= Required work =
In the material below, find the line containing "a bedroom with" and the line containing "Nykoping C, Sweden", then reproduce exactly both of them and every line between, and nothing else.

= Provided data =
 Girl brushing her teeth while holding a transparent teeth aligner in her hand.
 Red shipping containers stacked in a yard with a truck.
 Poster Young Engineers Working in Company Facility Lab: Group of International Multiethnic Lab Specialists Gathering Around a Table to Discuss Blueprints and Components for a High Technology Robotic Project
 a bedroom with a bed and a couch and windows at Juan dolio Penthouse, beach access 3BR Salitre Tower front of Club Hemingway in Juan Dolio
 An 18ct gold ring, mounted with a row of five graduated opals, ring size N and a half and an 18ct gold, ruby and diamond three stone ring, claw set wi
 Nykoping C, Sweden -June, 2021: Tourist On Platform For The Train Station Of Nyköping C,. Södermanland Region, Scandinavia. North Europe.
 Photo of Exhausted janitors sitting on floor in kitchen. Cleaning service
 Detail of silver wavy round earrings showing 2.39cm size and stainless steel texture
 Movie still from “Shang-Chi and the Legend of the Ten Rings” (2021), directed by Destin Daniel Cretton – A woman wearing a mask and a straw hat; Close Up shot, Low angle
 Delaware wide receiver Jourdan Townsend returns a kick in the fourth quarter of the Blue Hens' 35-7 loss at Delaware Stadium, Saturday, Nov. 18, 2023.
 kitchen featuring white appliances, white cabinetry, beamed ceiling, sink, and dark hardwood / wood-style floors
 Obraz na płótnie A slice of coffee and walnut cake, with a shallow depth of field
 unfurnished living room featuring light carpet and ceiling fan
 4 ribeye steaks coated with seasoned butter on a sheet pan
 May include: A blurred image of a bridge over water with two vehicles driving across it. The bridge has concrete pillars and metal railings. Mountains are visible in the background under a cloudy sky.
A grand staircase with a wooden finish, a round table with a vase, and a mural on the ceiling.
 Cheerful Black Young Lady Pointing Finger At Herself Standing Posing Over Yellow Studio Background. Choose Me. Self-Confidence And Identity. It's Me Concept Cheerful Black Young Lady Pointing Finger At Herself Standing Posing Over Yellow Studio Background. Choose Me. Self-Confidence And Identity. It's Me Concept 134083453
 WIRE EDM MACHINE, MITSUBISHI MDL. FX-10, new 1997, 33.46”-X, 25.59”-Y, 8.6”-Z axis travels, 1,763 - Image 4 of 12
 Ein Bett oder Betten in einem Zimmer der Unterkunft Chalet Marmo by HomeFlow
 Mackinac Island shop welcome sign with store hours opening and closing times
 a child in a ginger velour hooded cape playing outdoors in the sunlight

= Result =
 a bedroom with a bed and a couch and windows at Juan dolio Penthouse, beach access 3BR Salitre Tower front of Club Hemingway in Juan Dolio
 An 18ct gold ring, mounted with a row of five graduated opals, ring size N and a half and an 18ct gold, ruby and diamond three stone ring, claw set wi
 Nykoping C, Sweden -June, 2021: Tourist On Platform For The Train Station Of Nyköping C,. Södermanland Region, Scandinavia. North Europe.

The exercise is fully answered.